### WHAT YOU WILL DO
Look below for the line that has "中國真力時手表官方服務(wù)中心有幾家（真力時手表指針脫落的處理）". Set down the lines from there through the line that has "2017 DS DS 3", exactly as written.

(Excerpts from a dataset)
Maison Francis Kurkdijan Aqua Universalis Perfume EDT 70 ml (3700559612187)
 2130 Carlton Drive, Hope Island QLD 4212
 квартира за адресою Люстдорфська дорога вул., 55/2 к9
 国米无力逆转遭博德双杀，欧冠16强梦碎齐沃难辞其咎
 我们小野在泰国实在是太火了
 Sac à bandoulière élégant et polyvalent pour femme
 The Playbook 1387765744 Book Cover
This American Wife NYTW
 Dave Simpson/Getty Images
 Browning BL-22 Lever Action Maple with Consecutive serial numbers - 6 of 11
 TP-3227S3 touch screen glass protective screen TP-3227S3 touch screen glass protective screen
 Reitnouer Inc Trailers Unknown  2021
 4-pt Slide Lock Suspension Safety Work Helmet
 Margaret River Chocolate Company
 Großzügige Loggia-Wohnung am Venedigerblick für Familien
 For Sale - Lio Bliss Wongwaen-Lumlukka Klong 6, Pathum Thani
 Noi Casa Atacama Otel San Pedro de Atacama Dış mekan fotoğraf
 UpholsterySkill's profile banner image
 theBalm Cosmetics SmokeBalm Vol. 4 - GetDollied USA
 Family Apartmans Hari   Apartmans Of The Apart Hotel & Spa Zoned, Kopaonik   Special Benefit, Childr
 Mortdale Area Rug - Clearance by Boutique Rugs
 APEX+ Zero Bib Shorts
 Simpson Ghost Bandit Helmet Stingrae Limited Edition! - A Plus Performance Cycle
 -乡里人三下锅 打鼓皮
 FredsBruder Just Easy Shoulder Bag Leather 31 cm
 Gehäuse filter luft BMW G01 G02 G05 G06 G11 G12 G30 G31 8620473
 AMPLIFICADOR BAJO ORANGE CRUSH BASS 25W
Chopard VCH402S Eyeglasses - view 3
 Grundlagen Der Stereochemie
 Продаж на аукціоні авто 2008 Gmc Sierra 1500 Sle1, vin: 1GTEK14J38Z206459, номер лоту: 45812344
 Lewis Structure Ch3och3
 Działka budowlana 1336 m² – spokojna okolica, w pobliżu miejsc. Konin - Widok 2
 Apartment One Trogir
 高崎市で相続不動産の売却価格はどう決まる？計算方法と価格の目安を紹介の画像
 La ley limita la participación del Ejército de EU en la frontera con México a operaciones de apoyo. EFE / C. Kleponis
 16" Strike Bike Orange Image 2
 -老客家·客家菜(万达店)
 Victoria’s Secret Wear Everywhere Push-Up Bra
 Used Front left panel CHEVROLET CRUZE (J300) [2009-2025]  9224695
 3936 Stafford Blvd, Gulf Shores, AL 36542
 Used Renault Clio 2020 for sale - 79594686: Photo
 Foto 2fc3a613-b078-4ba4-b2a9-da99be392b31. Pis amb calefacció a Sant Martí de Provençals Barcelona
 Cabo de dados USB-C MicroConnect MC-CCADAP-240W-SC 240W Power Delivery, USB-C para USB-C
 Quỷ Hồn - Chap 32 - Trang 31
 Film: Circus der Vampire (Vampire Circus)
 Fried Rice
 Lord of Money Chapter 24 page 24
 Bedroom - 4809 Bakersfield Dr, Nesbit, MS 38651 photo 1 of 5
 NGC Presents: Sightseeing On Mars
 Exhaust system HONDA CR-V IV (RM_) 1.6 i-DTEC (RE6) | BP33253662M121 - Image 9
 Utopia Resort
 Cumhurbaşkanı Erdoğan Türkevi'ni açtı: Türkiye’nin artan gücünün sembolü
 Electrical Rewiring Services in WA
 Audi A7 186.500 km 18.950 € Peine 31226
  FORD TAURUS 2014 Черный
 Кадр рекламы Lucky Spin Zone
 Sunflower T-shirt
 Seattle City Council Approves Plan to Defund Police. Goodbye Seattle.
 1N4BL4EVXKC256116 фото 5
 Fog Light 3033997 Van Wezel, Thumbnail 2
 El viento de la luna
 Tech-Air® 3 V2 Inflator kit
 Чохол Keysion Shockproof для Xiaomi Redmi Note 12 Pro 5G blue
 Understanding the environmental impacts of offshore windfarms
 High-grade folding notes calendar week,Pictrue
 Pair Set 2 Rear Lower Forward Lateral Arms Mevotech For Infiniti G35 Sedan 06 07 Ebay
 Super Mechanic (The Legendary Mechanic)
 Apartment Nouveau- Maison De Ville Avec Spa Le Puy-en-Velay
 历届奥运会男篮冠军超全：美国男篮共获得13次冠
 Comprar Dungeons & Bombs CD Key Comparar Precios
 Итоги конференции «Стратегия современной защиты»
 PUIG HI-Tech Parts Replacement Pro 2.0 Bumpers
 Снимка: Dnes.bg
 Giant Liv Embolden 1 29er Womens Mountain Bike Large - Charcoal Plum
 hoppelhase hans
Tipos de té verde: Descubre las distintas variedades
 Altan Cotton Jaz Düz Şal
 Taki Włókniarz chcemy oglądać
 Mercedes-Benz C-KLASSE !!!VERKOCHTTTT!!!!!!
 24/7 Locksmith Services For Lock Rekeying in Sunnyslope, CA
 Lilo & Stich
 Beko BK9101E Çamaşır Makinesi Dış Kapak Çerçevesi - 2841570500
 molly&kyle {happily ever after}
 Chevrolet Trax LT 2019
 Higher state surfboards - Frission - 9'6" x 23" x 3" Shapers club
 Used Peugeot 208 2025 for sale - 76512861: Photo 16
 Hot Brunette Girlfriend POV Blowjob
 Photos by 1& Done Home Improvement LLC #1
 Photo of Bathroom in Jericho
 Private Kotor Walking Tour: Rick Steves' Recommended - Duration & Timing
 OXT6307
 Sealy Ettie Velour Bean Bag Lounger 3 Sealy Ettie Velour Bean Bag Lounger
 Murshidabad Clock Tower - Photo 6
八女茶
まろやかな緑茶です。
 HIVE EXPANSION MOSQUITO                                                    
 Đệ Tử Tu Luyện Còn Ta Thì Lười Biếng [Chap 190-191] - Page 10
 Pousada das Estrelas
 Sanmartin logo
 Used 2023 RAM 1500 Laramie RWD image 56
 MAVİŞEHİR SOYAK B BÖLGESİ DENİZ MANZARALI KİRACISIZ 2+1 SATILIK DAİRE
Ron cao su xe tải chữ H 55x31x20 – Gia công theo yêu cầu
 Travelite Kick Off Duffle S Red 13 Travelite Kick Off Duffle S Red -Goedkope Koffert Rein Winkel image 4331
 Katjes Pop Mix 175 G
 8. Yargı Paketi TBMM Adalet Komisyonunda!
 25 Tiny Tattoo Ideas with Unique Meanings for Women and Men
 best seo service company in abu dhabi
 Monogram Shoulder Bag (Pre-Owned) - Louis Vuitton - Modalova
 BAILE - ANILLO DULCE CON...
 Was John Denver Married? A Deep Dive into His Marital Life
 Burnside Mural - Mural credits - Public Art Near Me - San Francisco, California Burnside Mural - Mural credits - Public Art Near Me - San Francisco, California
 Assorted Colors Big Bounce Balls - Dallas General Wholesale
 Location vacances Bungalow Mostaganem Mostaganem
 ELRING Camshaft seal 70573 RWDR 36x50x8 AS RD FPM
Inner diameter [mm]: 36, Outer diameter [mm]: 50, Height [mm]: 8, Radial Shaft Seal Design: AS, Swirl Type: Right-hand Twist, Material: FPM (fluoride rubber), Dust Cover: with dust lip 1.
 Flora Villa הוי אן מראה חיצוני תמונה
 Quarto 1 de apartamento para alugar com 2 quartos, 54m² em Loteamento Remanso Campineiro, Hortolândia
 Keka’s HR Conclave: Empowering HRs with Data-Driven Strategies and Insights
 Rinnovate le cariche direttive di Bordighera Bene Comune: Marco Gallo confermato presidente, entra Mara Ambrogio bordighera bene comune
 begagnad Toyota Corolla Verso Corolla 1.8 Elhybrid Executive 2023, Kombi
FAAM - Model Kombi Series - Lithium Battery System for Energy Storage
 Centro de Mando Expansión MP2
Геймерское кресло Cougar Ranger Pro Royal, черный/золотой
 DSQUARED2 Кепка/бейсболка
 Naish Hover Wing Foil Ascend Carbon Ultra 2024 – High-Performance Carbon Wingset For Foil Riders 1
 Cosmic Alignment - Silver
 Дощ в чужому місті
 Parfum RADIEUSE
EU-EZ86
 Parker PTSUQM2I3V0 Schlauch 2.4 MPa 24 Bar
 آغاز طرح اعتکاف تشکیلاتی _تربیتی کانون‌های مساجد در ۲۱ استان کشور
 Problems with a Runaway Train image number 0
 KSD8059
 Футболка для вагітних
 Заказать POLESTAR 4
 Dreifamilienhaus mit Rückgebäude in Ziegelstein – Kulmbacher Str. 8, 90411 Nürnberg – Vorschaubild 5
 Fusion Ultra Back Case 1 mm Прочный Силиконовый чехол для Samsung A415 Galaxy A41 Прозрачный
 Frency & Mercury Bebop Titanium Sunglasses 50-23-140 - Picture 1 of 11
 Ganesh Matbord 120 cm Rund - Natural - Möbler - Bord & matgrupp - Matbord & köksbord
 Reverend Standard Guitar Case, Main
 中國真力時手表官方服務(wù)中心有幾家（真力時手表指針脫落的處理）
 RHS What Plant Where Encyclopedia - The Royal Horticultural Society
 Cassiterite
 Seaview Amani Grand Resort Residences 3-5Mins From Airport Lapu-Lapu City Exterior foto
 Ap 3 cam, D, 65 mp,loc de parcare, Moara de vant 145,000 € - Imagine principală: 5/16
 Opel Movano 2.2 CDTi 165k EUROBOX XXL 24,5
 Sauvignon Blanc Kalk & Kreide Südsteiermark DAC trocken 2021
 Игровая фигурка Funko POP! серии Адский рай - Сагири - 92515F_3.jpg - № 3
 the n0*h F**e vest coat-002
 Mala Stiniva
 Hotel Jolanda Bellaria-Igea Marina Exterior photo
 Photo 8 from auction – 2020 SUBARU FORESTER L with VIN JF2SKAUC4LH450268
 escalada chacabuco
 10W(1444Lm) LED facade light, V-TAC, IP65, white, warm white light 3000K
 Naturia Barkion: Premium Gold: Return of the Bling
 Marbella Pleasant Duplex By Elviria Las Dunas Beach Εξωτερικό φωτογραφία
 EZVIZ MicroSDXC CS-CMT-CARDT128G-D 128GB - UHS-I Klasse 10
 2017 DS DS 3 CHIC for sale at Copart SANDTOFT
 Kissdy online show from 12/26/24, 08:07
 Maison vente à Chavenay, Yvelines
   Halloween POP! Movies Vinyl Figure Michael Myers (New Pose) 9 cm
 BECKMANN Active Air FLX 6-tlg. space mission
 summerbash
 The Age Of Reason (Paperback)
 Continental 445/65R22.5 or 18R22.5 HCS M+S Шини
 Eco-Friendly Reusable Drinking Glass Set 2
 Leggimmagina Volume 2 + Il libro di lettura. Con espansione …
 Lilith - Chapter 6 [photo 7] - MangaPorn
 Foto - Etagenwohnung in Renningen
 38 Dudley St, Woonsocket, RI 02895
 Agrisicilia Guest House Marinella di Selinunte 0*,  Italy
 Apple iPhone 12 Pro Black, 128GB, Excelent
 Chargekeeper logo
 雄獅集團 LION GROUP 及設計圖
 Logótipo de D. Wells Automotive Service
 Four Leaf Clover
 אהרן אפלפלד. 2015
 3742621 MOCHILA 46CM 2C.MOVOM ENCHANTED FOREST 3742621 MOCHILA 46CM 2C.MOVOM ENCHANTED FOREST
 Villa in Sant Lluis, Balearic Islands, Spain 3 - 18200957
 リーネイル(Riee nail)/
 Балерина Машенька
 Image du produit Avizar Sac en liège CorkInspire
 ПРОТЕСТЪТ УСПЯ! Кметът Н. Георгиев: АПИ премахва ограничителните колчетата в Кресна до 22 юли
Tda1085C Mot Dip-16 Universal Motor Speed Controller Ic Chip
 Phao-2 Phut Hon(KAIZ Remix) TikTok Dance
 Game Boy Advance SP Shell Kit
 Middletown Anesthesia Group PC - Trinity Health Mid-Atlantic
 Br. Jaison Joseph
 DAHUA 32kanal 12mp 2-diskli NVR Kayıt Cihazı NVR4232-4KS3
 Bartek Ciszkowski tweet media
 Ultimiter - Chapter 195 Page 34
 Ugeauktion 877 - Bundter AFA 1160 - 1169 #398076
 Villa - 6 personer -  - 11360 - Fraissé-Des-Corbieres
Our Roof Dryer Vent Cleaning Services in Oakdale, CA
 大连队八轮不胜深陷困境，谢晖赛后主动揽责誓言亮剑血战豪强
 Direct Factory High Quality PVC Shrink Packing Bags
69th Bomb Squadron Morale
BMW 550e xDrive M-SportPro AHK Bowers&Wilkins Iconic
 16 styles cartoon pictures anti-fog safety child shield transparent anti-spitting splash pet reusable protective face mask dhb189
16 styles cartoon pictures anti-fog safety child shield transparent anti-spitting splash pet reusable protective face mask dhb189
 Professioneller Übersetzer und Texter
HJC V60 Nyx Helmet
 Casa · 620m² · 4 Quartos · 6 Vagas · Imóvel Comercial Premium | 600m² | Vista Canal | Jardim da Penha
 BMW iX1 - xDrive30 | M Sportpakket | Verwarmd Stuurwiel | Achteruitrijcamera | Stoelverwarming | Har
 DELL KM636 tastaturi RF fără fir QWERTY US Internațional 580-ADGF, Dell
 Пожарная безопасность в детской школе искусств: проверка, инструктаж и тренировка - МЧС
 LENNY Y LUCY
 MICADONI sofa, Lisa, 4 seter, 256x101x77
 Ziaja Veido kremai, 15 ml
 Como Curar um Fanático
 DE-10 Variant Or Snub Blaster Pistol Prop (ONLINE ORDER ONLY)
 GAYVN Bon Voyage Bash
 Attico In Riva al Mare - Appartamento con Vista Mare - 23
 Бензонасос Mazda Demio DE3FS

### TASK ANSWER
 中國真力時手表官方服務(wù)中心有幾家（真力時手表指針脫落的處理）
 RHS What Plant Where Encyclopedia - The Royal Horticultural Society
 Cassiterite
 Seaview Amani Grand Resort Residences 3-5Mins From Airport Lapu-Lapu City Exterior foto
 Ap 3 cam, D, 65 mp,loc de parcare, Moara de vant 145,000 € - Imagine principală: 5/16
 Opel Movano 2.2 CDTi 165k EUROBOX XXL 24,5
 Sauvignon Blanc Kalk & Kreide Südsteiermark DAC trocken 2021
 Игровая фигурка Funko POP! серии Адский рай - Сагири - 92515F_3.jpg - № 3
 the n0*h F**e vest coat-002
 Mala Stiniva
 Hotel Jolanda Bellaria-Igea Marina Exterior photo
 Photo 8 from auction – 2020 SUBARU FORESTER L with VIN JF2SKAUC4LH450268
 escalada chacabuco
 10W(1444Lm) LED facade light, V-TAC, IP65, white, warm white light 3000K
 Naturia Barkion: Premium Gold: Return of the Bling
 Marbella Pleasant Duplex By Elviria Las Dunas Beach Εξωτερικό φωτογραφία
 EZVIZ MicroSDXC CS-CMT-CARDT128G-D 128GB - UHS-I Klasse 10
 2017 DS DS 3 CHIC for sale at Copart SANDTOFT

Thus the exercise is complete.